• _EXERCISE REQUIREMENTS_
Everything from the line with "Smith's 50965 Pocket" to the final line of the records should be reproduced word for word, with both of those lines kept.

• _ENTRIES SUPPLIED_
# # # # # # #
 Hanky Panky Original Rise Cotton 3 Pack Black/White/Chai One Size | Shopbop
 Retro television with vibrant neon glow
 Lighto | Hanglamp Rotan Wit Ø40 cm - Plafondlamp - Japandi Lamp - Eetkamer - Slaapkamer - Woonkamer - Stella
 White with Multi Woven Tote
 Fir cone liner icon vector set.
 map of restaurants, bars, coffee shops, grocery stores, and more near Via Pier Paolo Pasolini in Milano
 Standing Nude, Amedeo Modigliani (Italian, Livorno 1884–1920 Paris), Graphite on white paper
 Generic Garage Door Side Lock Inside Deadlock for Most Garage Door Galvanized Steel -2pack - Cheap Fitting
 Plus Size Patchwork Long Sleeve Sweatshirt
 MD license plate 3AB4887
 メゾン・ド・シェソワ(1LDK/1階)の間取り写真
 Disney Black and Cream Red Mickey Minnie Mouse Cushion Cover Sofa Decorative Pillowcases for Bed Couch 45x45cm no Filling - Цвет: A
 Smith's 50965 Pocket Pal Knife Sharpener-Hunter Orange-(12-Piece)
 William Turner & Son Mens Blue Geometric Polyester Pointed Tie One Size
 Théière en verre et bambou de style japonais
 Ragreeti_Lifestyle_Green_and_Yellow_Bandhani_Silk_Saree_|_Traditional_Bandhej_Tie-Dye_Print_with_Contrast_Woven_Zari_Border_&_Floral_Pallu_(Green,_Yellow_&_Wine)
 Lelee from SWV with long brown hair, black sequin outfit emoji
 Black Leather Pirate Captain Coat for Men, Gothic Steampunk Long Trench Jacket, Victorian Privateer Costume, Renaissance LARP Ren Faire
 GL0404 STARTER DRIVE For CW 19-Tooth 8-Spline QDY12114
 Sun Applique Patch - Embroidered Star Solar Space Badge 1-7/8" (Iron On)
# # # # # # #
• _ANSWER BOX_
 Smith's 50965 Pocket Pal Knife Sharpener-Hunter Orange-(12-Piece)
 William Turner & Son Mens Blue Geometric Polyester Pointed Tie One Size
 Théière en verre et bambou de style japonais
 Ragreeti_Lifestyle_Green_and_Yellow_Bandhani_Silk_Saree_|_Traditional_Bandhej_Tie-Dye_Print_with_Contrast_Woven_Zari_Border_&_Floral_Pallu_(Green,_Yellow_&_Wine)
 Lelee from SWV with long brown hair, black sequin outfit emoji
 Black Leather Pirate Captain Coat for Men, Gothic Steampunk Long Trench Jacket, Victorian Privateer Costume, Renaissance LARP Ren Faire
 GL0404 STARTER DRIVE For CW 19-Tooth 8-Spline QDY12114
 Sun Applique Patch - Embroidered Star Solar Space Badge 1-7/8" (Iron On)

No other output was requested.